Friday morning brought glimmers of hope across a devastated landscape spanning the two sides of the Turkey-Syria border, as volunteers and workers pulled off seemingly miraculous rescues.
The rare successes came even as Turkey crossed a grim milestone: Its death toll from the earthquakes reached 18,991, surpassing the number of people lost to the powerful 1999 temblor that had shaken and scarred the nation. In total, Monday’s two earthquakes of magnitudes 7.8 and 7.6, and hundreds of other powerful aftershocks, have killed more than 22,000 people and turned entire neighborhoods into debris in southeastern Turkey and northwestern Syria.
The grim figure keeps rising as rescue workers continue their frantic search operations for a fifth consecutive day amid freezing temperatures and damaged infrastructure.
“Rescuers are on the way with heavy machinery still hoping to reach some of them – dead or alive,” said Al Jazeera correspondent Resul Serdar, reporting from a site of collapsed buildings in Kahramanmaras, the closest city to the epicenter of the first earthquake. “But they are getting a bit desperate here and tensions are high,” he said.

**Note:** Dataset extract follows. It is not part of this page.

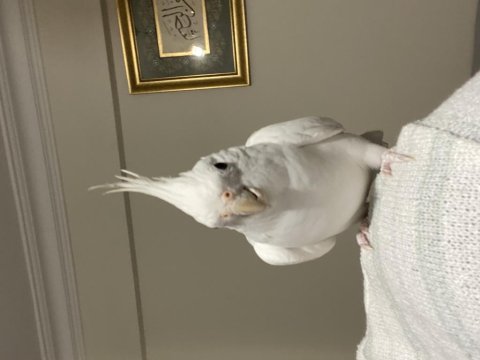 Albino Dişi Sultan Papağanı Evcil Uysal Ele Omuza Geliyor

It is a prolonged tragedy for those who survived — but they do not know whether their loved ones will. “My dears are burning under the rubble,” a Kahramanmaras resident told Al Jazeera, holding back tears.
Turkey’s disaster-management agency said more than 110,000 personnel were taking part in the rescue effort with the assistance of more than 5,500 vehicles, including tractors, cranes, bulldozers, and excavators.
However, criticism against President Recep Tayyip Erdogan’s government over the lack of a quick response to the tragedy is mounting.
“Why haven’t we learned anything? Why haven’t the authorities assessed the structures well enough? Why did authorities allow such weak structures?” Al Jazeera’s Sinem Koseoglu said, citing people’s doubts.